[Dataset excerpts]
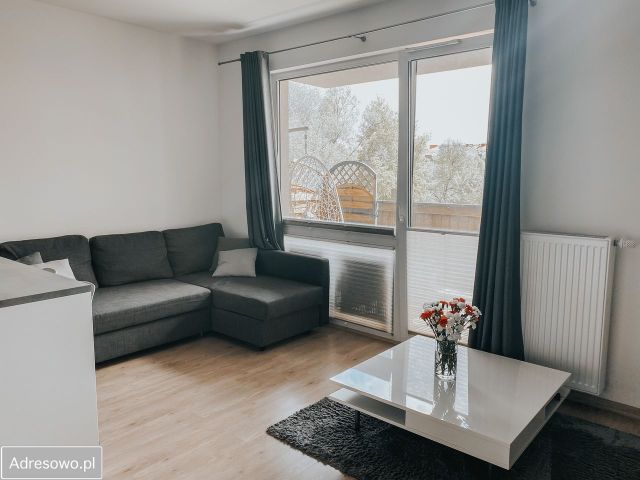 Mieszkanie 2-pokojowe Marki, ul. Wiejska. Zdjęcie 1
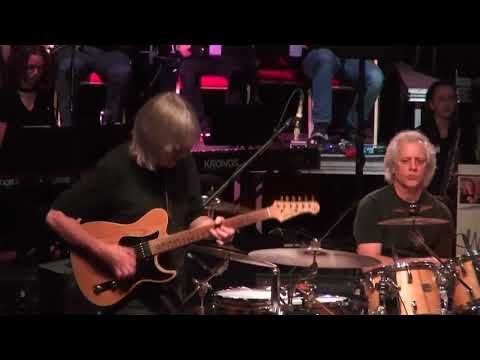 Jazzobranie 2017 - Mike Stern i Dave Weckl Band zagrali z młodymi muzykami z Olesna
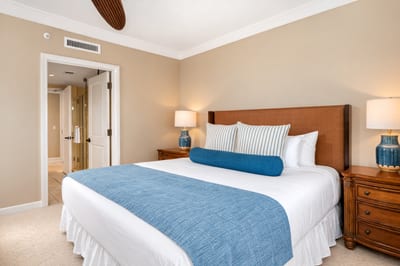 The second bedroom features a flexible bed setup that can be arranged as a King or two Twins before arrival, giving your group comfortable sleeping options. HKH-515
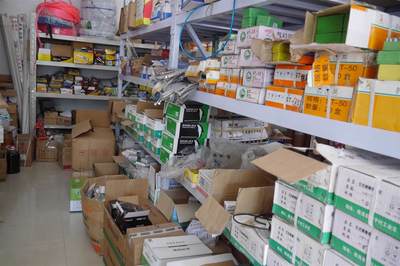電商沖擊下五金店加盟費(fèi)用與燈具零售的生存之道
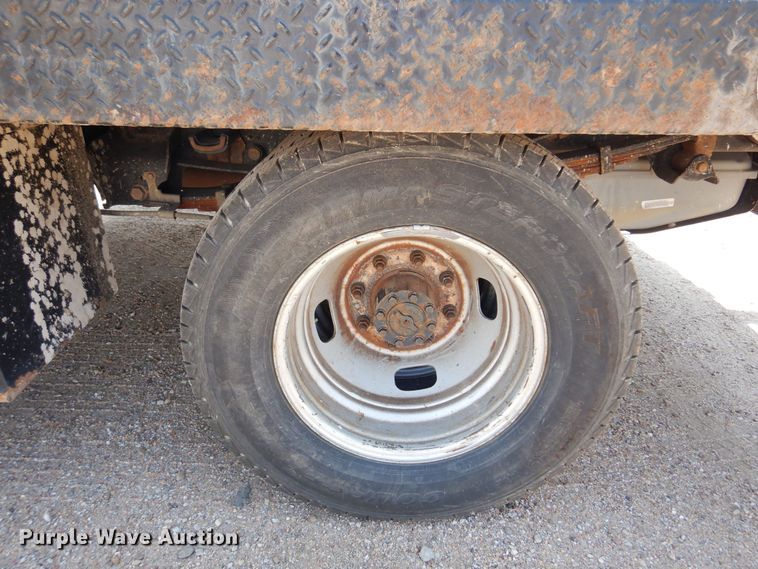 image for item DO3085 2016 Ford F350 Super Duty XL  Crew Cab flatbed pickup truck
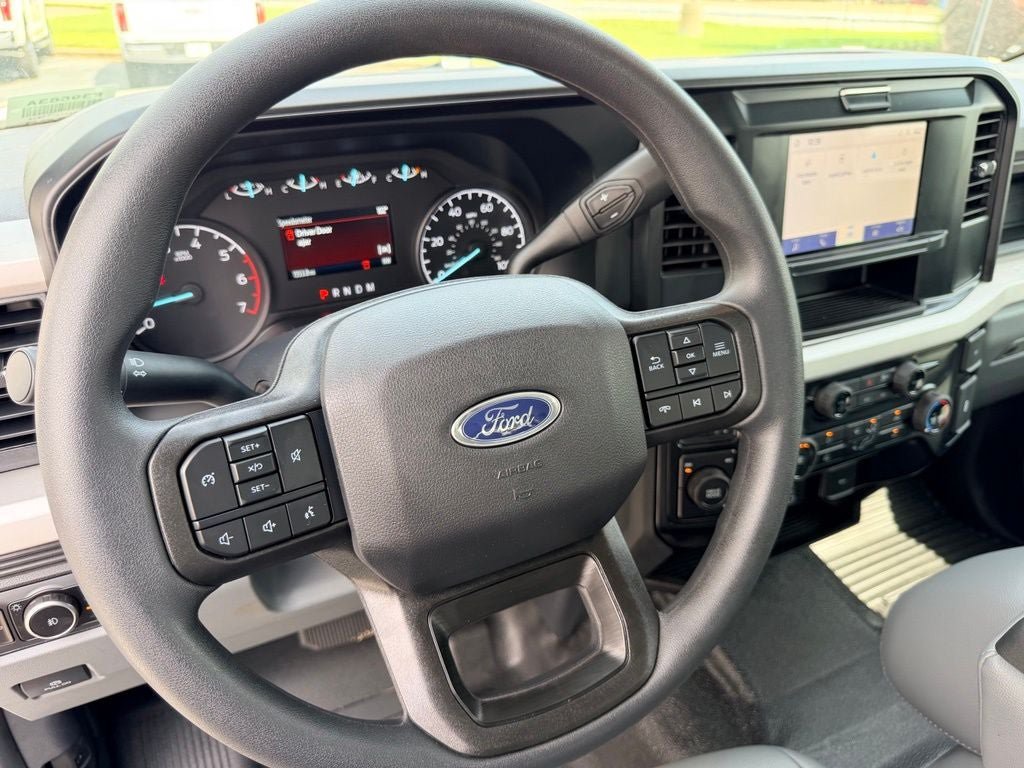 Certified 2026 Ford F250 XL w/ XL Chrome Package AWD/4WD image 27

...

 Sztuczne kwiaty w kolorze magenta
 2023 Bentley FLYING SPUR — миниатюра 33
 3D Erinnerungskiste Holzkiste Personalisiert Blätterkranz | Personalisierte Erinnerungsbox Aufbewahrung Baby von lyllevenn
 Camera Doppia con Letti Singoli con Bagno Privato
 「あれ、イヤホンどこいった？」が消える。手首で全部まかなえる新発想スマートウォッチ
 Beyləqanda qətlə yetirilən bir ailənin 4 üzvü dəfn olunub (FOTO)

ABOUT THIS TASK:
Working from the entries above, reproduce exactly and only the lines beginning with the line that has "The second bedroom" and ending with the line that has "Certified 2026 Ford"; omit all pictures.

RESULT FOR THIS TASK:
 The second bedroom features a flexible bed setup that can be arranged as a King or two Twins before arrival, giving your group comfortable sleeping options. HKH-515
電商沖擊下五金店加盟費(fèi)用與燈具零售的生存之道
 image for item DO3085 2016 Ford F350 Super Duty XL  Crew Cab flatbed pickup truck
 Certified 2026 Ford F250 XL w/ XL Chrome Package AWD/4WD image 27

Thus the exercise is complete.